Exercise prompt: Below is a listing with pictures. Repeat exactly the lines starting at the one holding "A hand is picking" and going on through the one holding "Interior of dome", and leave every picture out.

Data for processing:
----
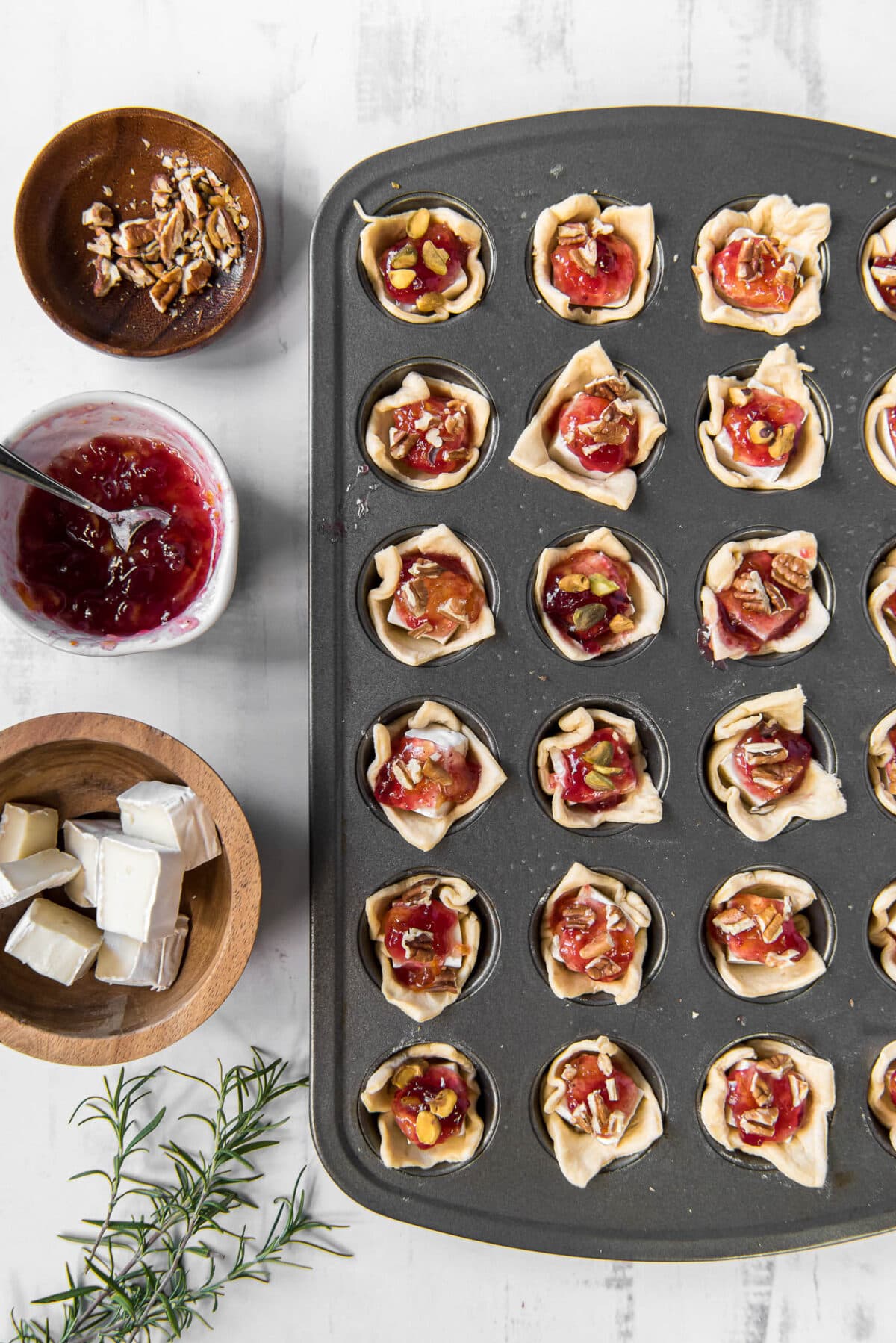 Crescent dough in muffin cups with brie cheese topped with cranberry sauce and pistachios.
----
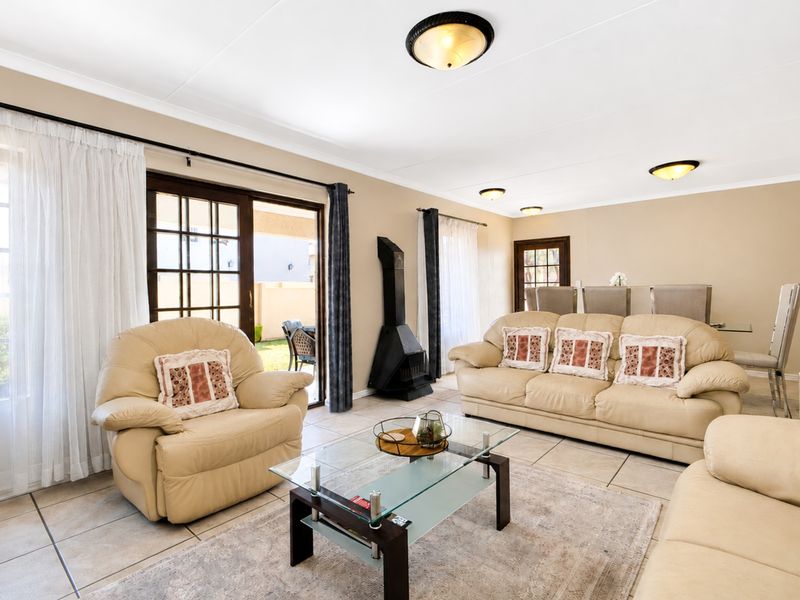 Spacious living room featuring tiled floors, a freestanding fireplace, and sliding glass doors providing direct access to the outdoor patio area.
----
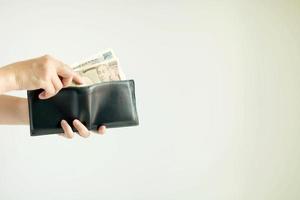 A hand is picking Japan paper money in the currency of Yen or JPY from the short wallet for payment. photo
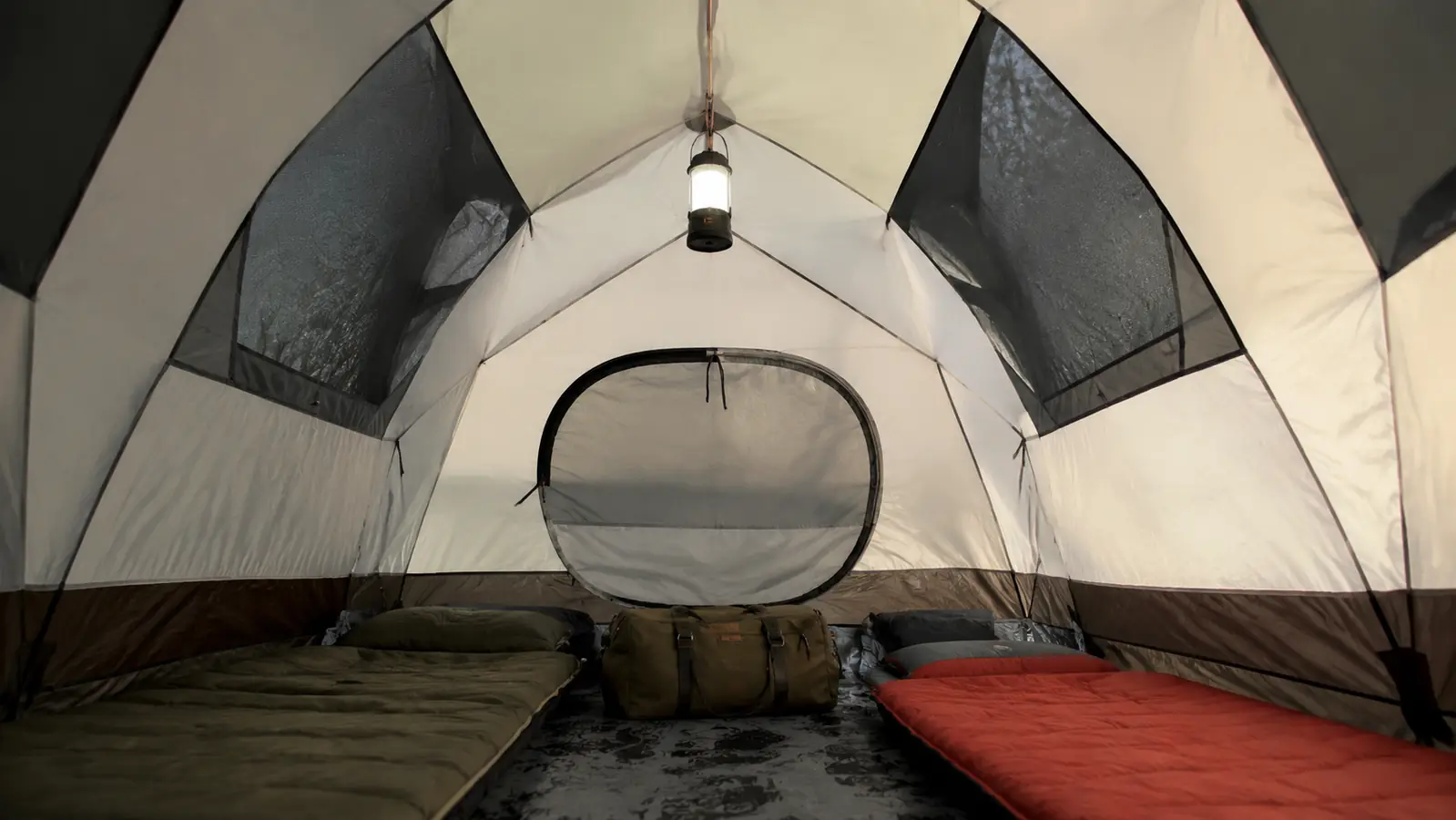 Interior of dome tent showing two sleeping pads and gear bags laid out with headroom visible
----
Response to this exercise:
 A hand is picking Japan paper money in the currency of Yen or JPY from the short wallet for payment. photo
 Interior of dome tent showing two sleeping pads and gear bags laid out with headroom visible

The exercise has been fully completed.